TASK OBJECTIVE: Take the records below and set down exactly the lines from the one with "camp discovery oregon" to the one with "BMW X5 (2009)", ends included; do not copy the pictures.

RECORDS SUPPLIED: Begin

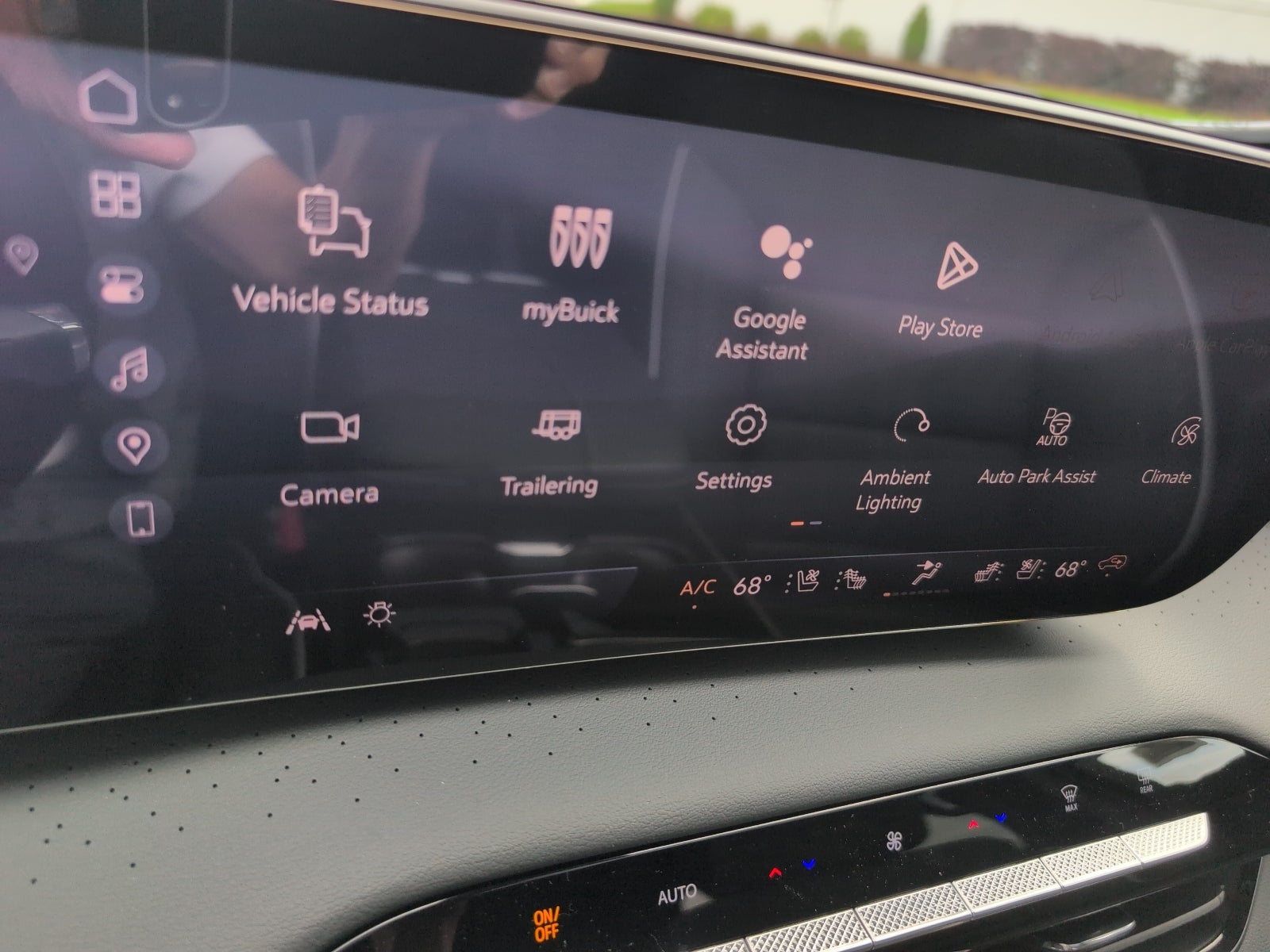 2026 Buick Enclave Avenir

RECORDS SUPPLIED: End
RECORDS SUPPLIED: Begin

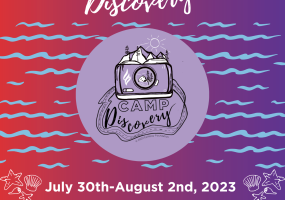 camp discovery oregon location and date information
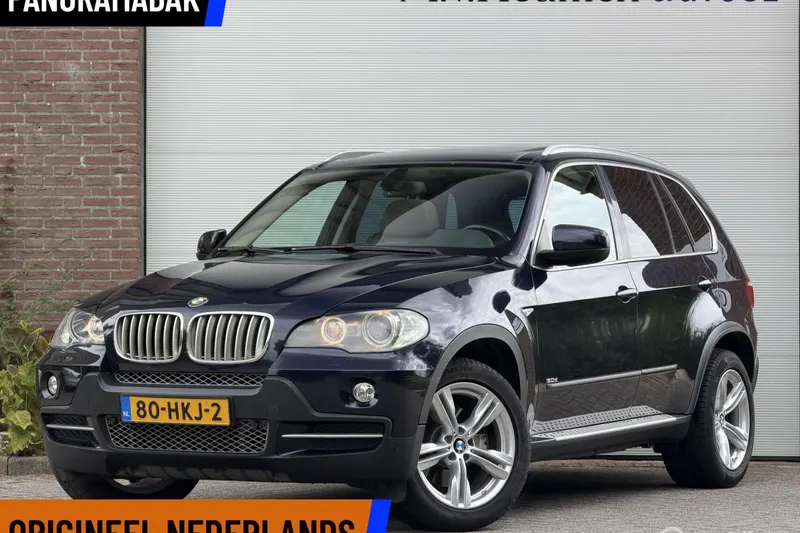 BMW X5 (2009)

RECORDS SUPPLIED: End
RECORDS SUPPLIED: Begin

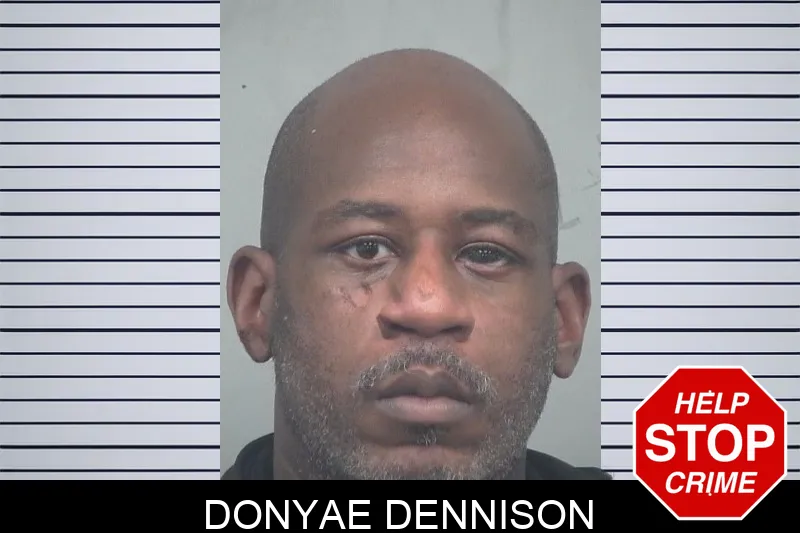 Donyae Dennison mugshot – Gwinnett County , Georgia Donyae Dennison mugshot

RECORDS SUPPLIED: End

OUTPUT FOR THIS EXERCISE:
 camp discovery oregon location and date information
 BMW X5 (2009)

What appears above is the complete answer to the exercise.